“Certainty denotes confidence that one can act on a conclusion without doubt, without needing further deliberation or investigation.” (Harry Binswanger, How We Know)
I learned firsthand of the need for certainty to act during Superstorm Sandy some years ago. I was living in Midtown Manhattan in a section of the city that lost power for four days. My husband and I sheltered in place with our two cats in our 16th floor apartment.
The first day I couldn’t concentrate. I got nothing done. The second day, I worked steadily all day. The third day, again, I was wildly distracted. Fourth day — another solid workday. What was the difference? On days 1 and 3, I was driven to try to get news — from our battery-powered radio, our neighbors, the building staff. I was tempted to plan what I would do “when the power came on.” On days 2 and 4, I had gotten enough information that I was certain I would be without power all day, so I might as well make the best of it.
Does my raising the question of certainty set off warning bells? If so, I ask you to put aside the skepticism rampant in our culture and hear me out while I explain an objective theory of certainty.
When I say something is certain, I do not mean it is the “revealed truth,” or a dogma that cannot be questioned. “A conclusion is ‘certain’ when the evidence in its favor is conclusive…. The total of the available evidence points in a single direction…. There is nothing to suggest even the possibility of another intrepretation.” (Leonard Peikoff, Objectivism: The Philosophy of Ayn Rand)
From the psychologial perspective, certainty is individual. It is based on your knowledge and your effort to integrate new information with old and to eliminate contradictions. Let me clarify with an extended example.
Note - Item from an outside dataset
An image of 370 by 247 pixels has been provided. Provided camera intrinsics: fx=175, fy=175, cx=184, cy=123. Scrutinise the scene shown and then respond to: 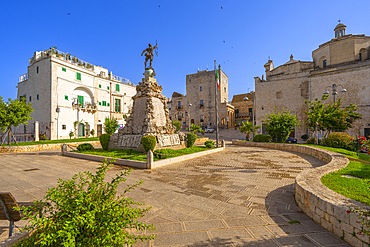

You, here in the 21st century, can be certain that the sun will come up tomorrow. This is not because it always has come up or a well-known scientist says it will. You can be certain, only if you have learned specific facts about the solar system, you understand the role of gravity in keeping us revolving around the sun, and you have related that theoretical knowledge to things you can see, such as: the movement of the stars in the night sky; the planets falling in the plane of the ecliptic; Mercury and Venus following the sun up and down; the tides increasing or decreasing based on the relative position of the moon; an apple falling from a tree.
You can easily make all of these observations to validate the proposition that the sun will come up tomorrow, because Sir Isaac Newton came before you, integrated the data himself, and showed us where to look to reduce his gravitational theory back to facts you can observe directly through perception.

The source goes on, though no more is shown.